=== Begin Enclosure ===

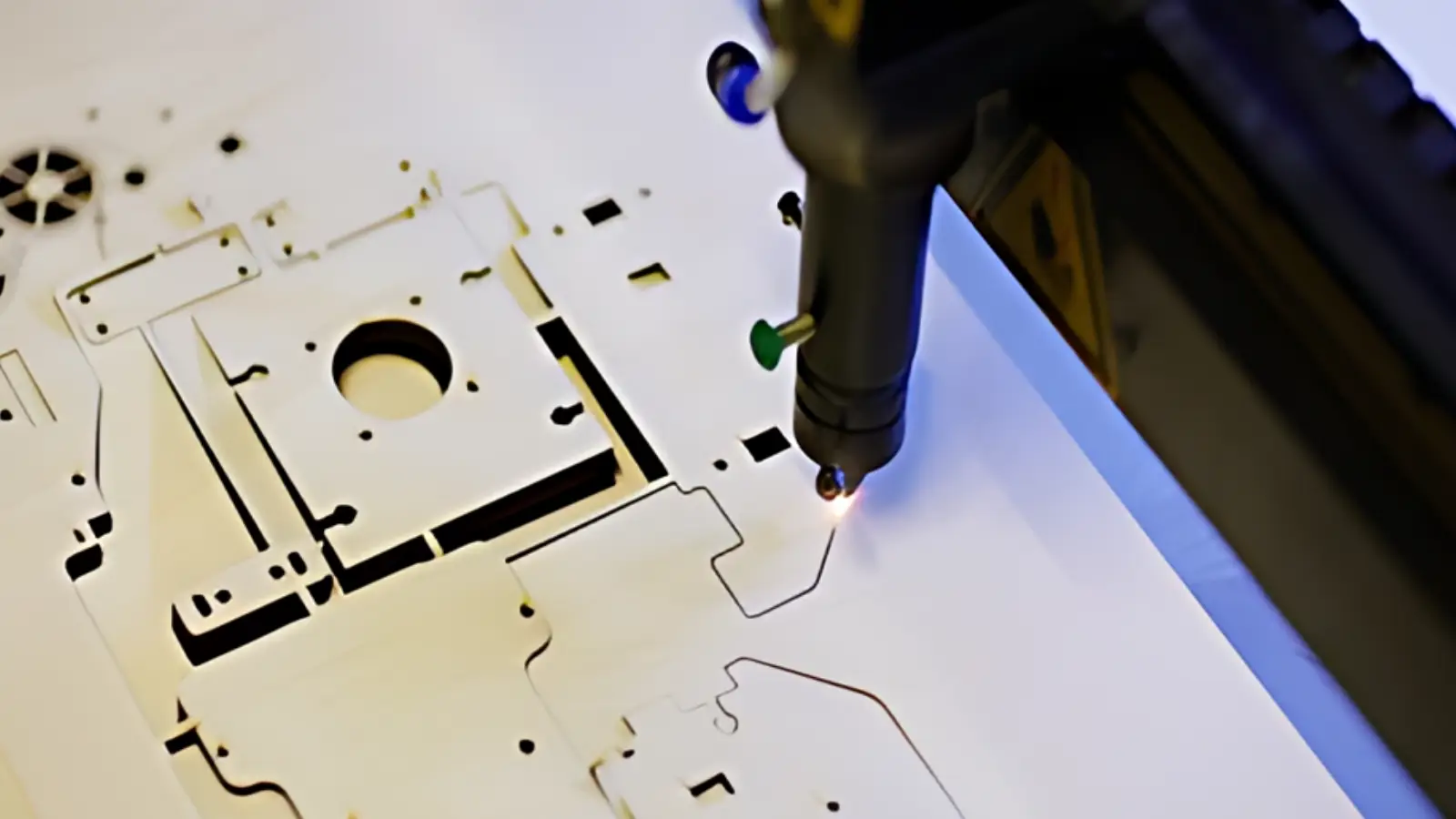 Laser cutter working on metal sheet design.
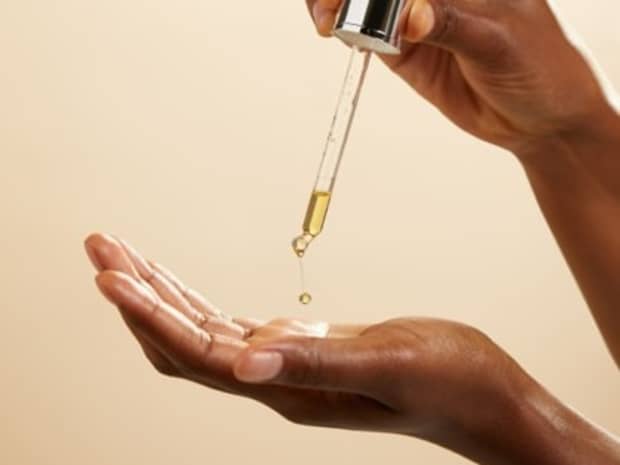 Hands applying serum from eye dropper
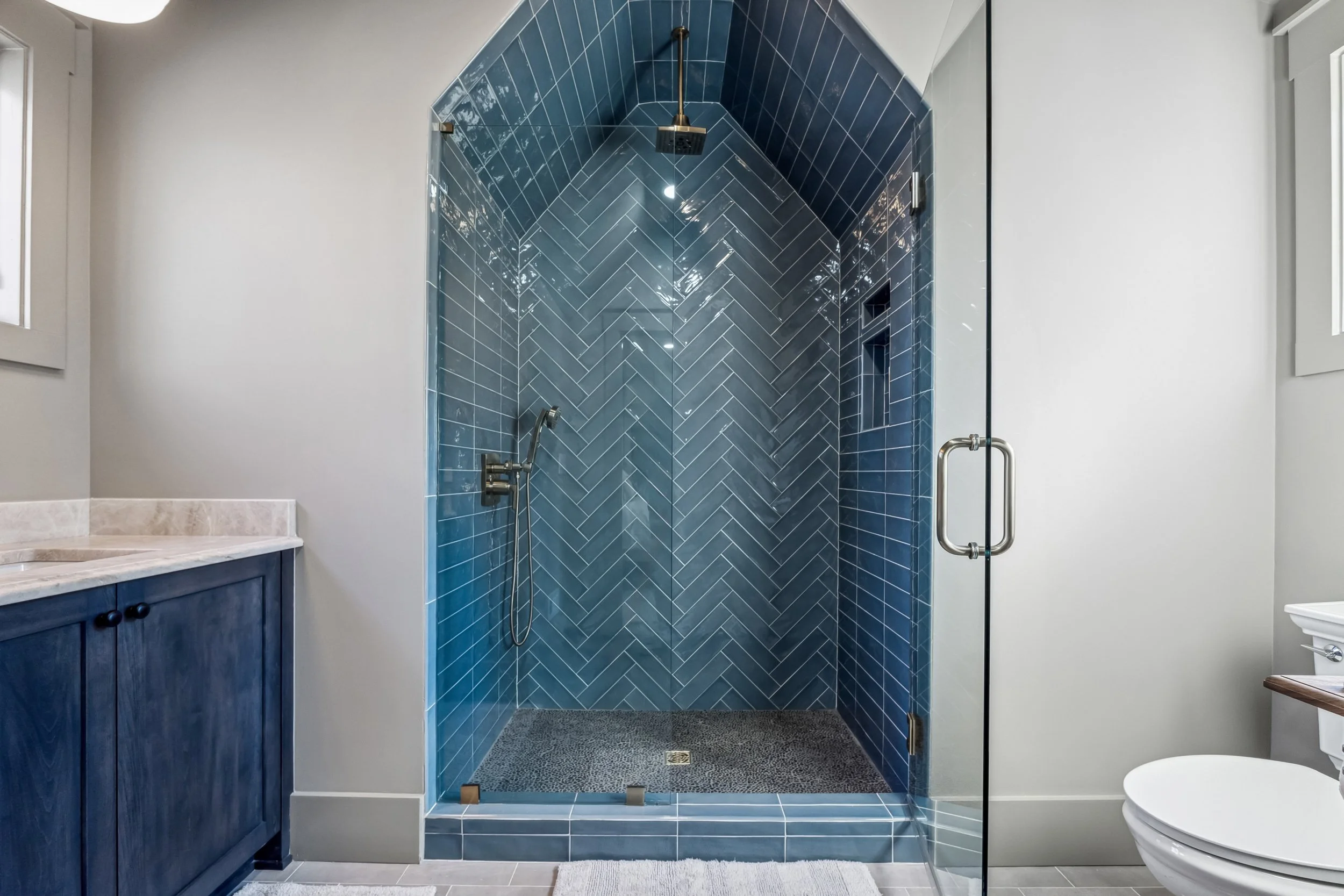Modern bathroom with a walk-in shower enclosed by glass, featuring dark blue subway tiles in a herringbone pattern, a ceiling-mounted shower head, a handheld shower attachment, and a textured floor. To the left is a blue vanity with a marble countert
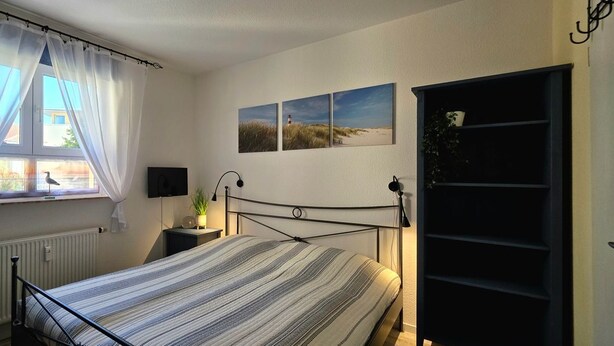 Une chambre à coucher avec un lit, une fenêtre avec des rideaux, une table de chevet avec une lampe et des œuvres d’art accrochées au mur.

=== End Enclosure ===

**WHAT YOU SHOULD DO:** The preceding listing must be repeated exactly, with all images dropped.

**SOLUTION TO THIS TASK:**
 Laser cutter working on metal sheet design.
 Hands applying serum from eye dropper
Modern bathroom with a walk-in shower enclosed by glass, featuring dark blue subway tiles in a herringbone pattern, a ceiling-mounted shower head, a handheld shower attachment, and a textured floor. To the left is a blue vanity with a marble countert
 Une chambre à coucher avec un lit, une fenêtre avec des rideaux, une table de chevet avec une lampe et des œuvres d’art accrochées au mur.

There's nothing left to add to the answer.